Jay Haapala, associate state director of community engagement with AARP Minnesota, says previous Scam Jams have been quite popular, as people over age 50 show greater interest in learning about identity theft and scams.
“People are fascinated by the way these con artists are operating, kind of like watching a crime drama on TV,” says Haapala. “But also, we’re all very worried about making sure we protect our finances. So many people have worked their whole life to scrape together a little bit of savings, and these con artists are coming after it.”
For those who couldn’t attend today’s event, both organizations feature resources and scam alerts to keep people up-to-date. The information is online at ‘AARP.org/fraud‘ and ‘BBB.org/scamtracker.’
Because older adults are perceived to have financial “nest eggs,” Dan Hendrickson, communications manager of BBB of Minnesota and North Dakota, explains they’re a highly targeted demographic for fraud. Many con artists will spend time developing relationships and trust with an older person, especially those who are isolated or lonely.
“It is kind of the last of the trusting generation,” says Hendrickson. “They grew up in an age where people could be taken at their word and things could be taken at face value. And unfortunately, that’s not the world we live in anymore, and these scammers are both persistent and dedicated.”
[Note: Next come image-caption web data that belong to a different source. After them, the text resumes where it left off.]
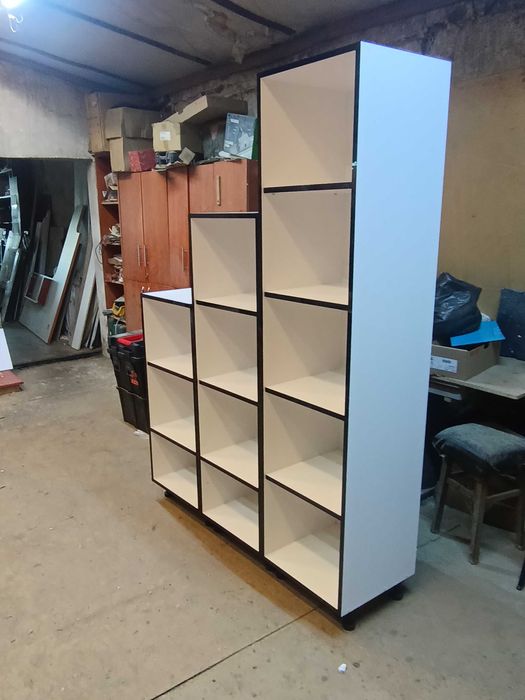 zestaw regałów pod schody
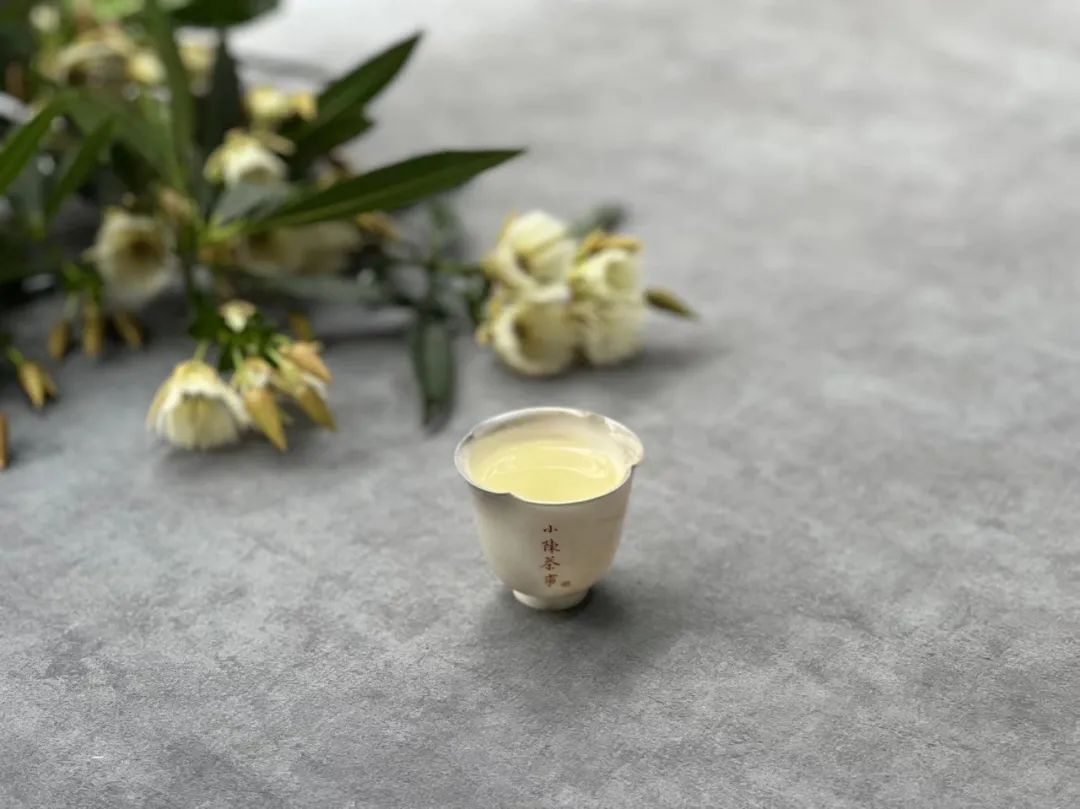 好的白茶茶汤的口感以什么为主,什么味道的白茶才是好白茶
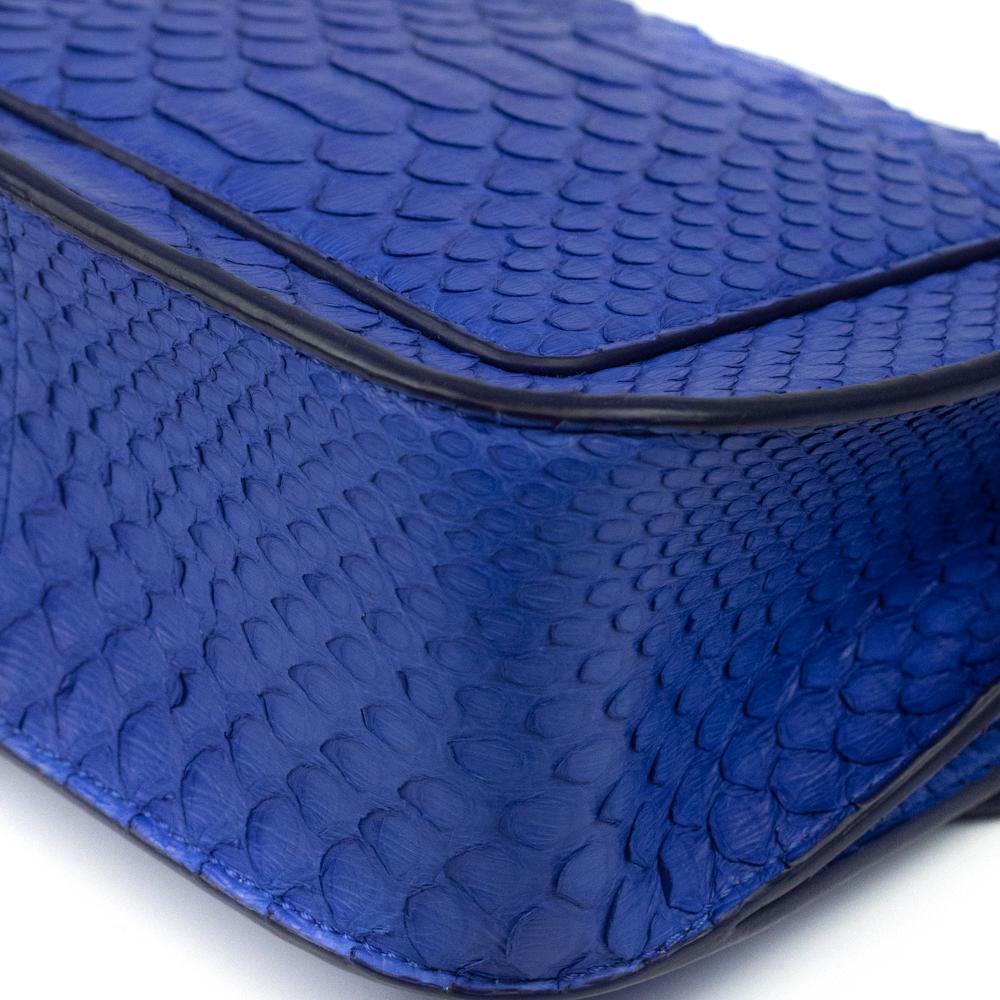 CÉLINE, Shoulder bag in blue exotic leather For Sale 5
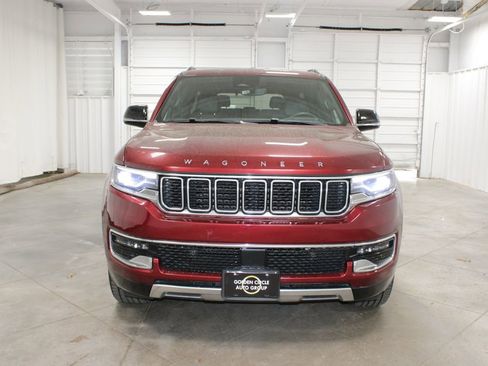 Used 2024 Jeep Wagoneer Series III AWD/4WD image 3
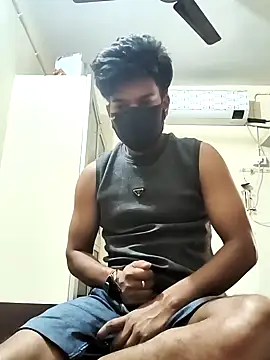 Hottlund6 online show from April 11, 2026, 2:19 am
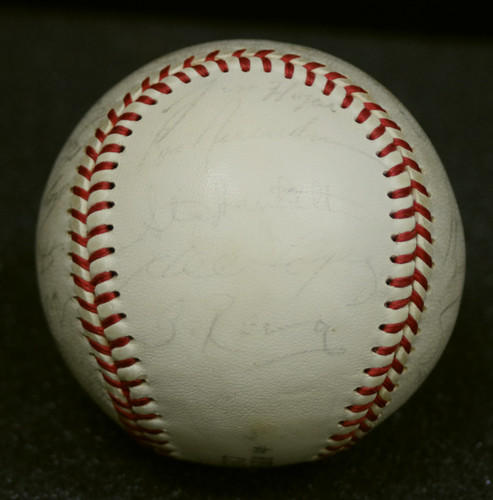 1965 Yankees Signed Mickey Mantle Baseball, +10 KEY PLAYERS N/CLUB AUTO JSA CERT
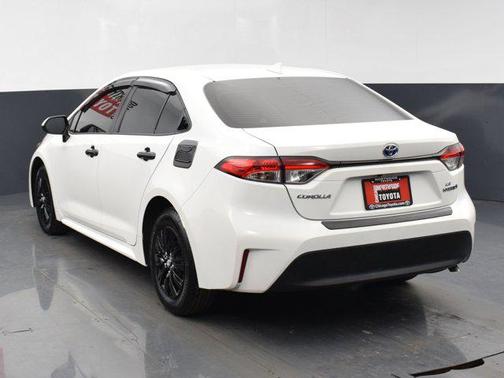 2024 Toyota Corolla Hybrid LE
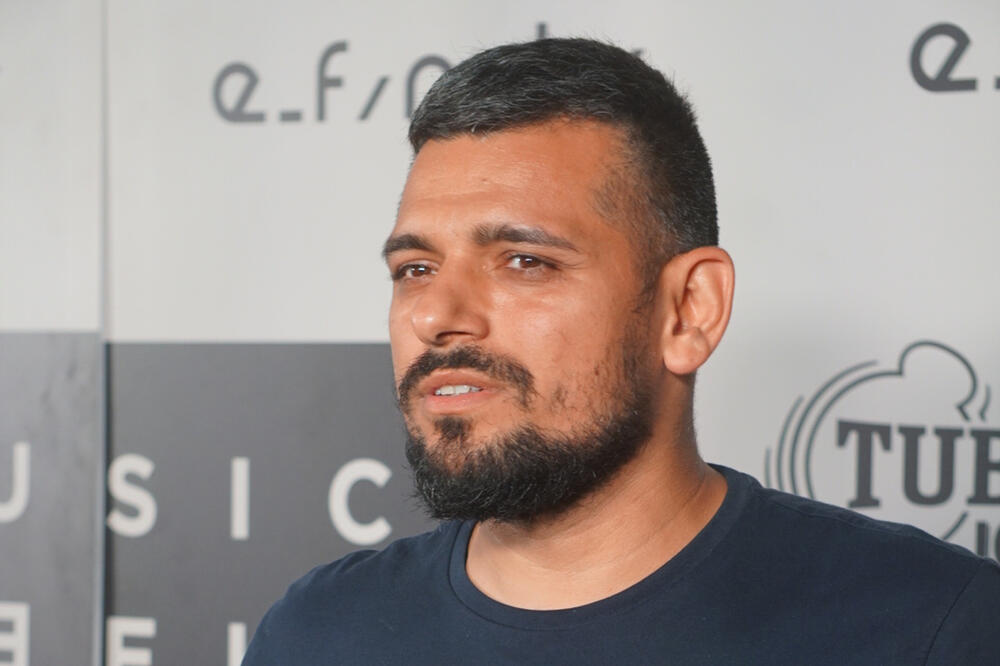"ČEKAM DA GA BRAT PREVEZE IZ CRNE GORE" Oglasio se Bora Santana nakon očeve smrti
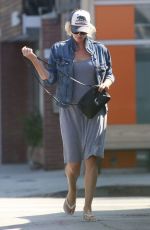 CHARLIZE THERON Out and About i Los Angeles 08/29/2016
Besides financial abuse within families, Scam Jam will focus on identify theft, cyber security and current fraud trends. Haapala says a new scheme involves scammers who call and say they need to verify information for the new Medicare cards that are coming out.
“So of course, they’re asking for people’s Social Security numbers and dates of birth, and other personal information,” says Haapala. “Even in some cases, scammers are calling saying some money is owed before a person can receive their new Medicare card. But it’s all a scam.”
He explains the new Medicare cards will be arriving in the mail soon, and for recipients, no payment or information verification is needed.